Tafsir pada ayat 27 menjelaskan tentangsifat-sifat
orang fasik yaitu ada perjanjian antara manusia dengan Allah yakni bahwa mereka
mengakui keEsaan Allah, serta ketundukan mereka kepada-Nya. Mereka adalah
orang-orang yang mengurai yaitu membatalkan dan melanggar perjanjian mereka
dengan Allah pada perjanjian itu sudah demikian kukuh mereka mengurainya
sesudah perjanjian diikat teguh dengan diutusnya para nabi dan rasul dengan
bukti-bukti keEsaannya.
Tafsir pada ayat 28 mengingatkan pada orang kafir
bahwa sesungguhnya dulu mereka adalah orang yang mati (orang yang tidak ada di
dunia) kemudian dihidupkan dan kemudian kembali kepada-Nya.
Asbabun Nuzul surah ini adalah: Diketengahkan oleh
Ibnu Jarir dari As Saddiy dengan sanad-sanadnya, tatkala Allah membuat dua buah
perumpamaan ini bagi orang-orang munafik yakni firmannya: “perumpamaannya
mereka adalah seperti orang yang menyalakan api” dan firmannya: “atau
seperti hujan lebat dari langit”, orang-orang munafik mengatakan, bahwa
Allah lebih tinggi dan lebih agung sampai membuat perumpamaan-perumpamaan ini.

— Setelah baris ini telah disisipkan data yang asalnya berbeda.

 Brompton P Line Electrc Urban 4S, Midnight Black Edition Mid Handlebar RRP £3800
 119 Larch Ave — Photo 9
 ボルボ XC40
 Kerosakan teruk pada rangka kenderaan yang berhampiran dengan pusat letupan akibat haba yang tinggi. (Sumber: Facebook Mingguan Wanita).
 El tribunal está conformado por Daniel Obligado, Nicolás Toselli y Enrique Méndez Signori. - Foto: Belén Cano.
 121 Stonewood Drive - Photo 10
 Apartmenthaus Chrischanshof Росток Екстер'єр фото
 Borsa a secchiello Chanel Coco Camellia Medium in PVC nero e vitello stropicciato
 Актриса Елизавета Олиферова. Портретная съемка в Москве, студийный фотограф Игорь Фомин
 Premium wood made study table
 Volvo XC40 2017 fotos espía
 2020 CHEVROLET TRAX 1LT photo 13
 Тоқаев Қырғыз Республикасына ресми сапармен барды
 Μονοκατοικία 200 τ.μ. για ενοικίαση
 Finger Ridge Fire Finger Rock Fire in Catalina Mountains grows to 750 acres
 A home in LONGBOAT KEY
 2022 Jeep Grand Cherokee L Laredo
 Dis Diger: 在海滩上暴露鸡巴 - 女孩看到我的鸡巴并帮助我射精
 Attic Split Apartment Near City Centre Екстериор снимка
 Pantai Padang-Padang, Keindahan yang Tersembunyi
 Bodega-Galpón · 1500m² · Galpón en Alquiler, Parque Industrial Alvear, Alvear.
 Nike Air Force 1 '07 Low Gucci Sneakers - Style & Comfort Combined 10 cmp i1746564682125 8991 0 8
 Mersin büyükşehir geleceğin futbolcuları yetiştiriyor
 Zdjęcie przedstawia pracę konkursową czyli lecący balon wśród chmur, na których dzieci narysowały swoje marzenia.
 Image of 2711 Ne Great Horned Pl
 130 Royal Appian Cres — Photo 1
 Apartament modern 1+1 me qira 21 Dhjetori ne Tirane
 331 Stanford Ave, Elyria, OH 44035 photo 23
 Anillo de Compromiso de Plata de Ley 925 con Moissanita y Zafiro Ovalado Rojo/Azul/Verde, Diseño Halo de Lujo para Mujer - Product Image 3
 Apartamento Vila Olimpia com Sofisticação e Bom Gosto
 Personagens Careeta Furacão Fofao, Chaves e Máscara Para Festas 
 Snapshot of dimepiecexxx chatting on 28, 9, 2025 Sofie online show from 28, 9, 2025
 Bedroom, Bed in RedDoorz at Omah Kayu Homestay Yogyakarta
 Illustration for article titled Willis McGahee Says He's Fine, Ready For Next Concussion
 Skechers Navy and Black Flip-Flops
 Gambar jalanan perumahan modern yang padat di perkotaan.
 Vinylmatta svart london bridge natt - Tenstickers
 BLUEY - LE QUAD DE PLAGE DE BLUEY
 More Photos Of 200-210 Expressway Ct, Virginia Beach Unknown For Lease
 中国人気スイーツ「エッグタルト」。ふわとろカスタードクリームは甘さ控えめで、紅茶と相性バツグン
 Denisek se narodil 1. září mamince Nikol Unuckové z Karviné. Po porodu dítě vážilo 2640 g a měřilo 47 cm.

Maka Allah menurunkan: “Sesungguhnya Allah tidak merasa malu untuk membuat
tamsil perumpamaan.”Sampai dengan firman-Nya “merekalah orang-orang yang
merugi” (QS. Al-Baqarah 2: 26-27).
Bagian
terakhir dari tiga rangkaian ayat yang menjelaskan tentang kepribadian manusia
menjelaskan tentang kepribadian kafir, namun pada awal ayat pada bagian ini
lebih dulu menjelaskan tentang sifat orang fasiq yang suka melanggar perjanjian
serta bermuka dua, kemudian menjelaskan tentang ancaman kepada orang-orang
kafir agar mereka (orang kafir) mau berpikir bahwa sesungguhnya mereka tidak
berdaya dihadapan Allah SWT.
Pengertian
Kafir adalah mereka yang ingkar terhadap hal-hal yang harus dipercayai sebagai
seorang mu’min, tipe seperti ini digambarkan sebagai tipe yang sesat, karena
terkunci hati, pendengaran dan penglihatannya dalam masalah kebenaran. Siksa
Allah yang pedih tentu menjadi bagian dari kehidupan akhirnya.